(Beginning of Given information)

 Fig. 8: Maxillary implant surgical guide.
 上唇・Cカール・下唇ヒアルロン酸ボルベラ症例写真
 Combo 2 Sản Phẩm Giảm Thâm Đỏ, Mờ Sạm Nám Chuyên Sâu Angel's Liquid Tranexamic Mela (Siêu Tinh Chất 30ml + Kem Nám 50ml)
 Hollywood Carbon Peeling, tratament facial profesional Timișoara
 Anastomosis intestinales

(End of Given information)
(Beginning of Given information)

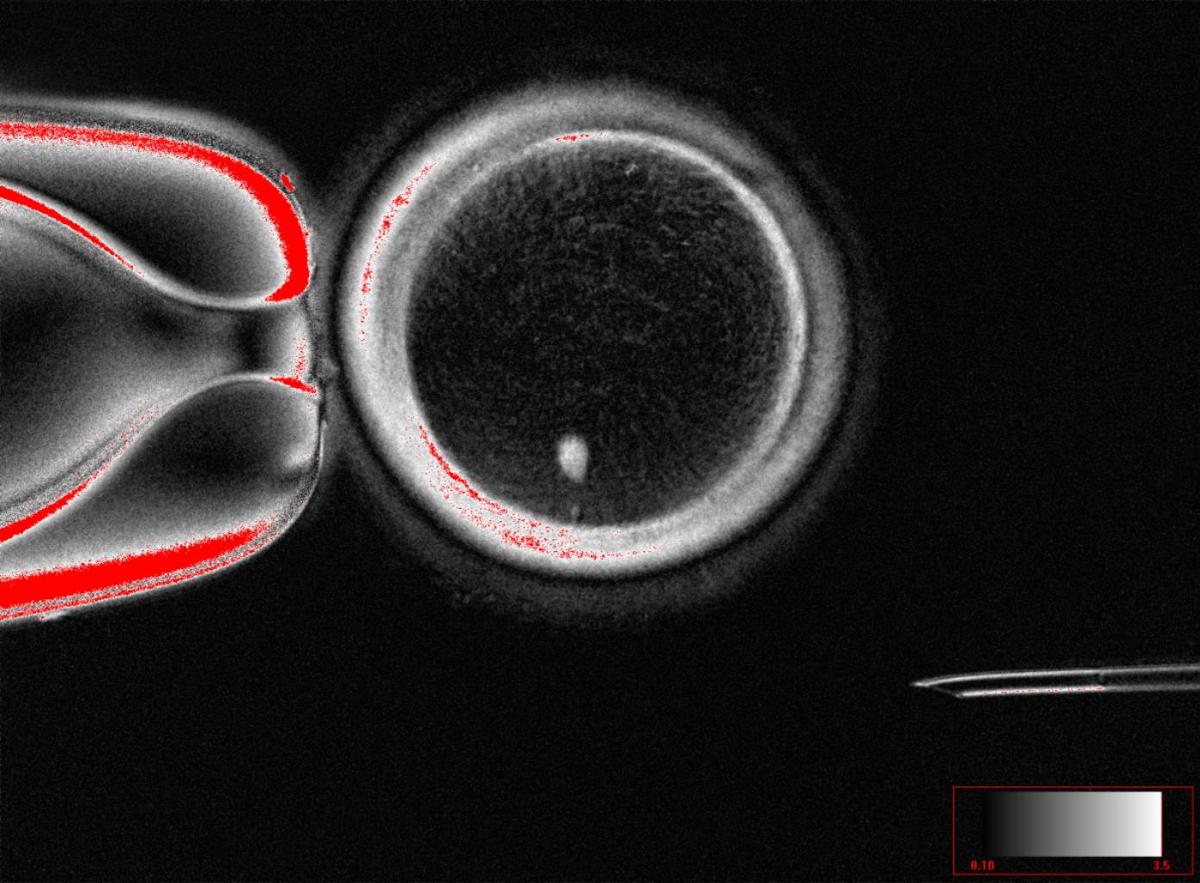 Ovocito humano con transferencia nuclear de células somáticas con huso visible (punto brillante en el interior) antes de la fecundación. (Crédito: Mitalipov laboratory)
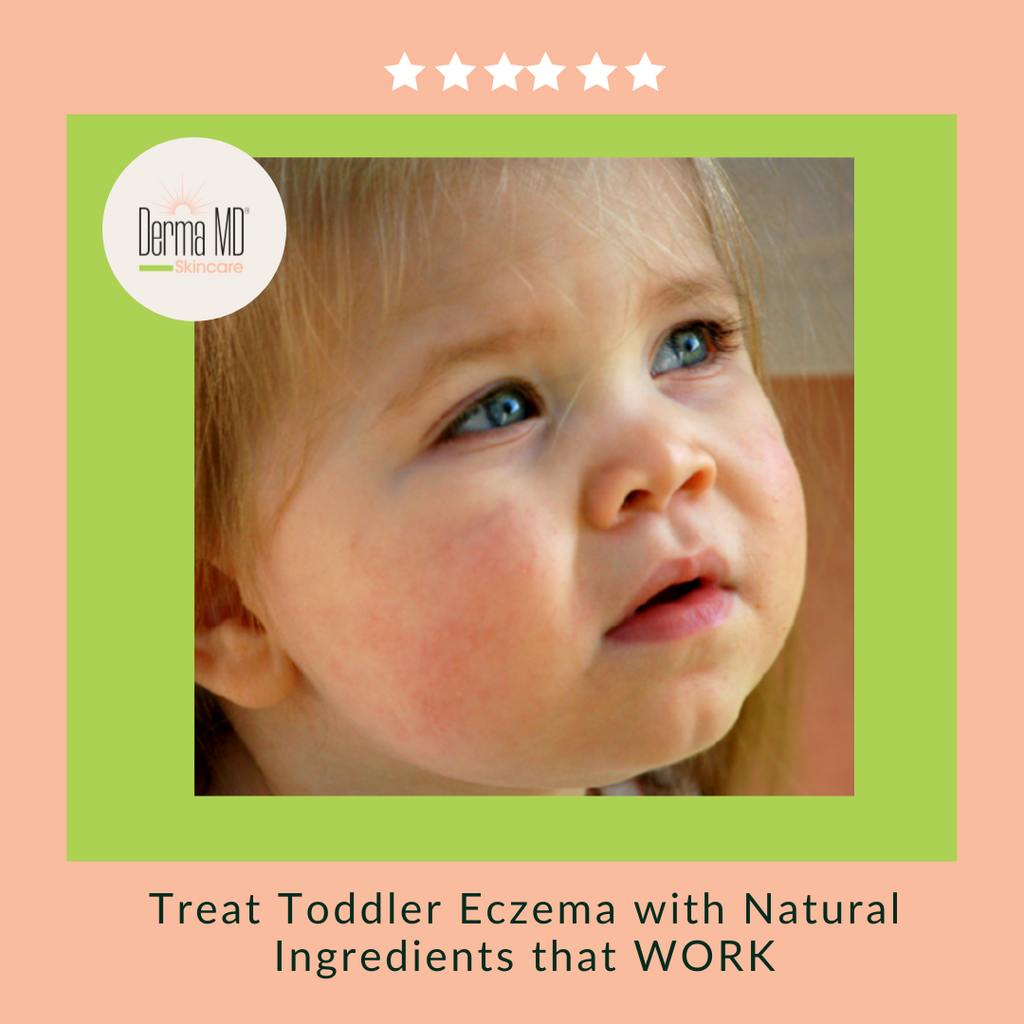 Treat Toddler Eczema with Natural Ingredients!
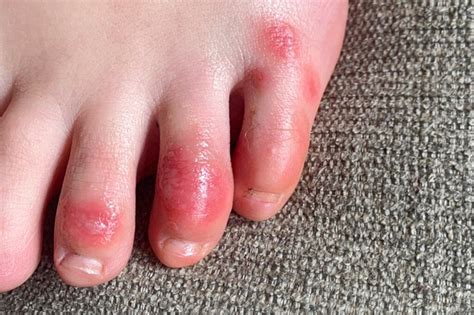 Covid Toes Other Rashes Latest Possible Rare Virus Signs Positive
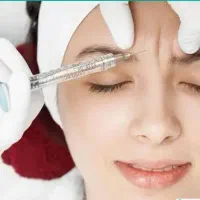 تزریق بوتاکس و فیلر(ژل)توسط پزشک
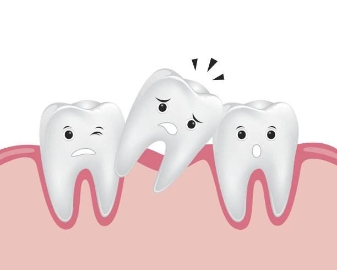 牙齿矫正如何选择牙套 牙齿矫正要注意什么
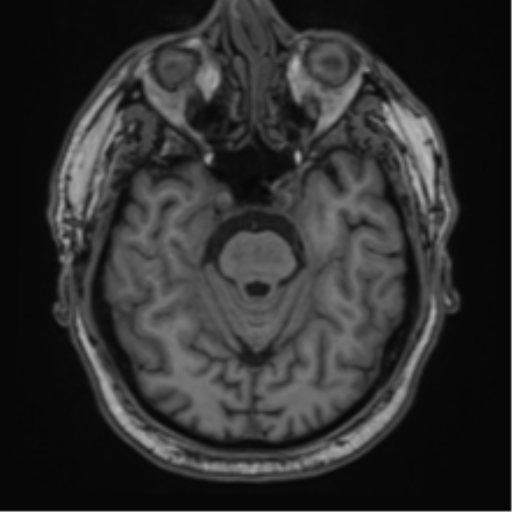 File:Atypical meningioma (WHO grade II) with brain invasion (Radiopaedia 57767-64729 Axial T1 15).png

(End of Given information)
(Beginning of Given information)

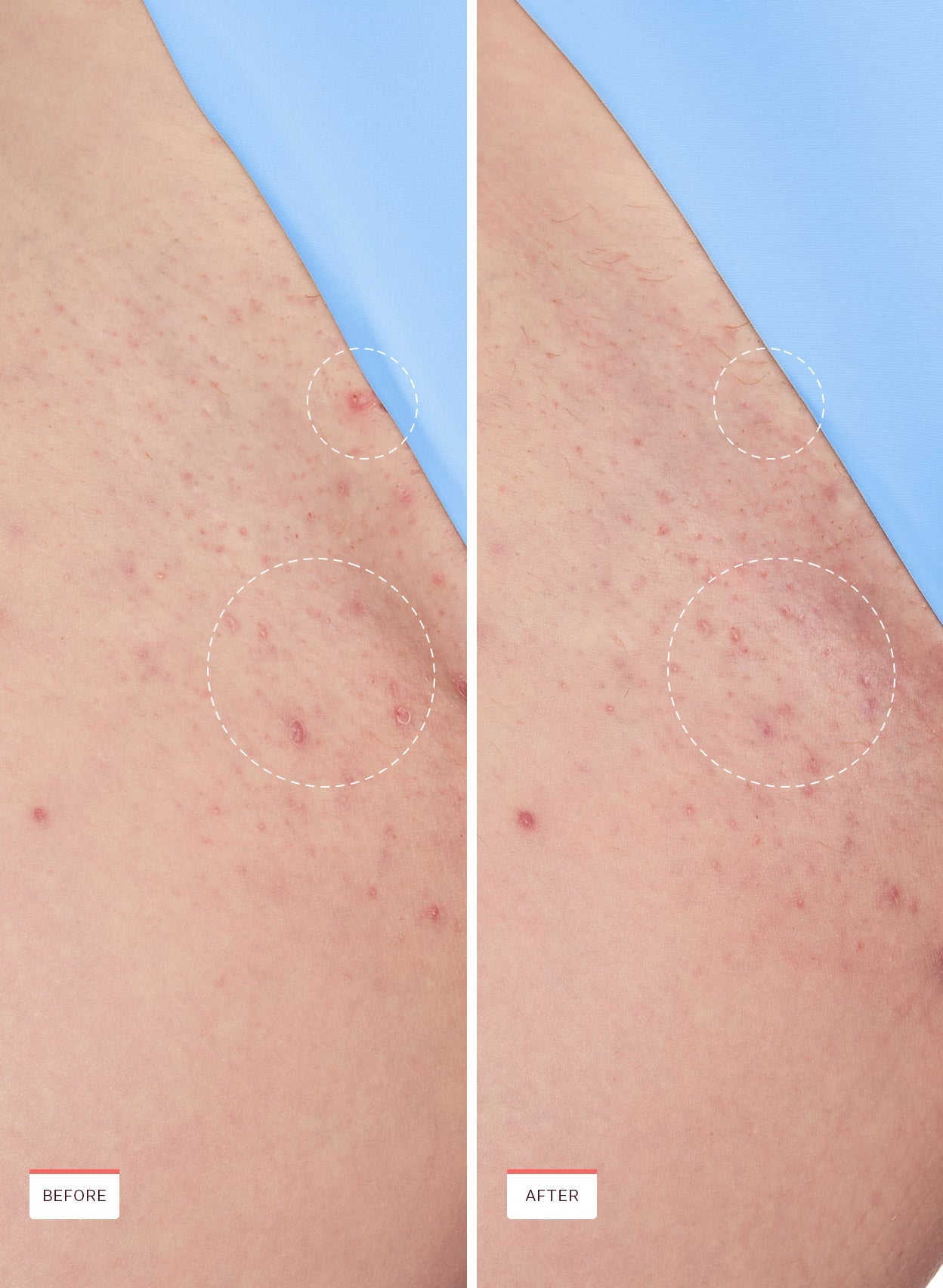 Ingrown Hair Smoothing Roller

(End of Given information)

Exercise directions. Set down, exactly as they appear above, all lines from the one that has "Combo 2 Sản" down to the one that has "Anastomosis intestinales", including those two and no others.

Expected answer.
 Combo 2 Sản Phẩm Giảm Thâm Đỏ, Mờ Sạm Nám Chuyên Sâu Angel's Liquid Tranexamic Mela (Siêu Tinh Chất 30ml + Kem Nám 50ml)
 Hollywood Carbon Peeling, tratament facial profesional Timișoara
 Anastomosis intestinales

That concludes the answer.